Description: Our projects this semester have dual goals. First, as mentioned in the course description, we form into small groups of two to four, and each group will select a relevant paper from the literature. The group will choose a graph from the paper and create an independent implementation/replication of this result. Grades are based on the fidelity of the replication (25%), a demonstration of understanding of the original paper (25%), the quality of the presentation itself in terms of clarity and creativity (25%), and the short written report (25%). The grade on this project will represent 50% of the final grade in the class.

Second, we will use this opportunity to extend BURLAP, the Brown-UMBC Reinforcement Learning and Planning system, and to get it ready for a more public release.

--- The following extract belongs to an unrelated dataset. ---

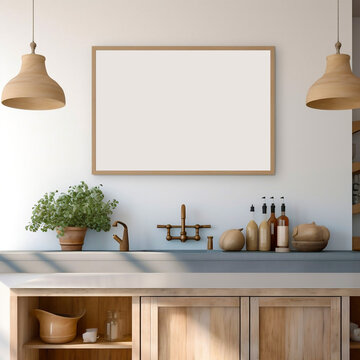 Mock up poster frame in kitchen interior, horizontal blank kitchen wall art frame mockup for wall decor,   farmhouse style, wooden counter, white frame on grey wall, contemporary kitchen.generative ai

Here are papers that describe functionality we'd really like to see in BURLAP. I'd like to see all these papers covered by groups in the class.

Fourier.
RBF (what paper?)
iFDD.
OMPTD.
BEBF.
Feature selection in RL.
LSPI.
LSPI variants (?)
Rmax with shaping.
multiagent Q-learning.
Natural gradient actor-critic.
domains (would be good to have a list of papers)
IRL.
GTD-learning.
point-based value iteration.
Relational RL for Freecraft.
relational RL for blocks world.

BURLAP is a java code library for the use and development of single or multi-agent planning and learning algorithms and domains to accompany them. At the core of the library is a rich state and domain representation framework based on the OO-MDP paradigm that facilitates the creation of discrete, continuous, or relational domains that can consist of any number of different "objects" in the world. Planning and learning algorithms range from classic forward search planners to value function-based stochastic planning and learning algorithms. Also included is a set of analysis tools such as a common framework for the visualization of domains and agent performance in various domains.